*ENTRIES SHOWN*
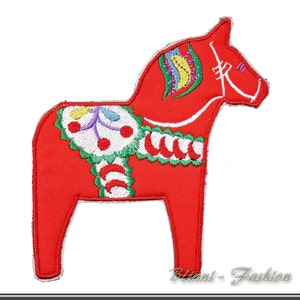 Pode incluir: Cavalo Dala vermelho bordado com detalhes brancos, verdes, azuis e amarelos. O cavalo é um design tradicional de arte popular sueca.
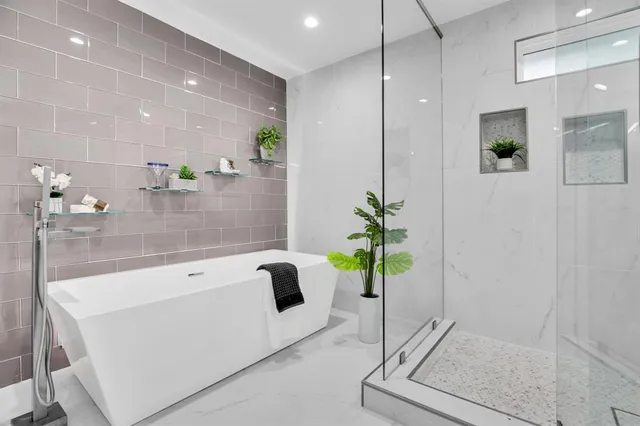a white bath tub sitting in a bathroom and mirror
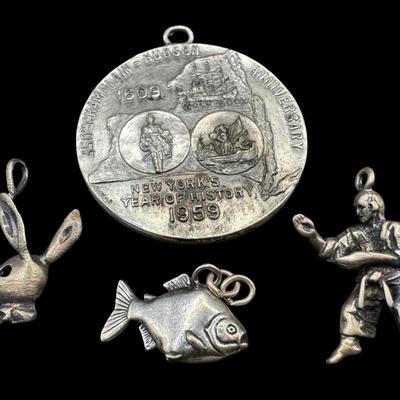 Sale Photo Thumbnail #492: [17.89g] Includes three charms and a pendant. Silver content confirmed using Niton XRF precious metals analyzer. [BK]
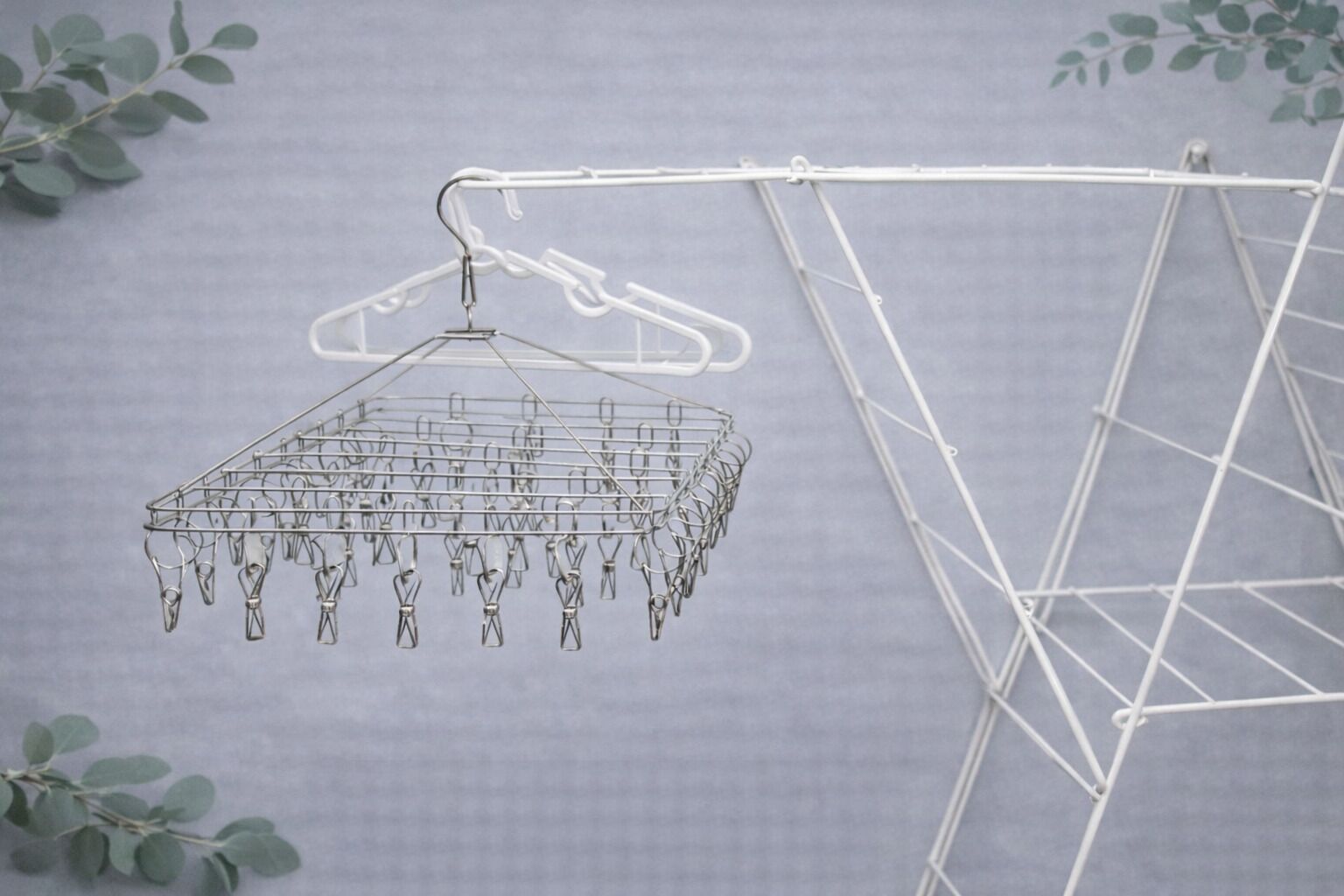 Un tendedero metálico con múltiples clips, colgado de una estructura de metal blanco.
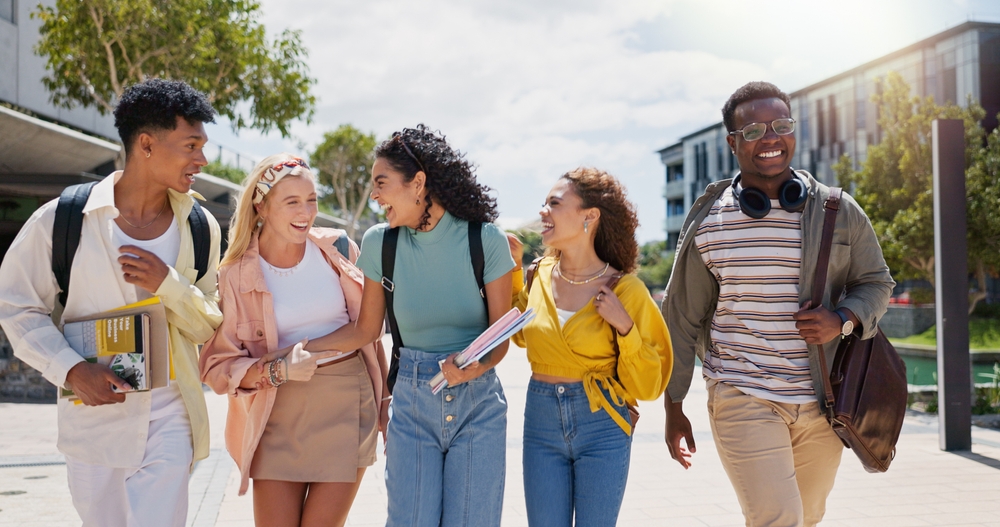 Feliz, universitario y conversación con amigos y diversidad de clases en el campus universitario con una sonrisa. Escuela, educación y estudiantes con broma y mochila al aire libre en la academia de aprendizaje con la gente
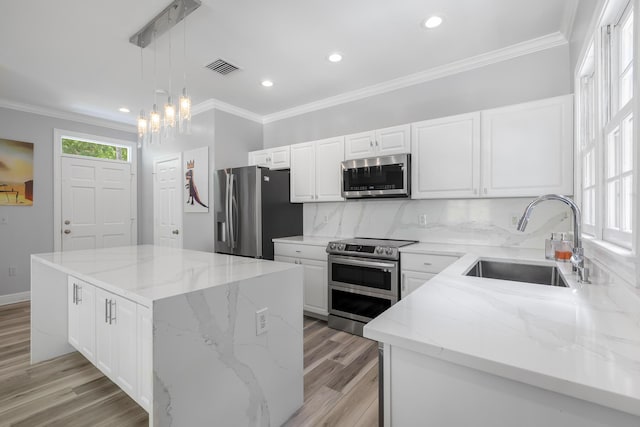 kitchen featuring sink, stainless steel appliances, light stone countertops, a kitchen island, and decorative light fixtures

*TASK DIRECTIONS*
Nothing in the entries above should change when they are printed again, except that the pictures are dropped.

*YOUR SOLUTION*
 Pode incluir: Cavalo Dala vermelho bordado com detalhes brancos, verdes, azuis e amarelos. O cavalo é um design tradicional de arte popular sueca.
a white bath tub sitting in a bathroom and mirror
 Sale Photo Thumbnail #492: [17.89g] Includes three charms and a pendant. Silver content confirmed using Niton XRF precious metals analyzer. [BK]
 Un tendedero metálico con múltiples clips, colgado de una estructura de metal blanco.
 Feliz, universitario y conversación con amigos y diversidad de clases en el campus universitario con una sonrisa. Escuela, educación y estudiantes con broma y mochila al aire libre en la academia de aprendizaje con la gente
 kitchen featuring sink, stainless steel appliances, light stone countertops, a kitchen island, and decorative light fixtures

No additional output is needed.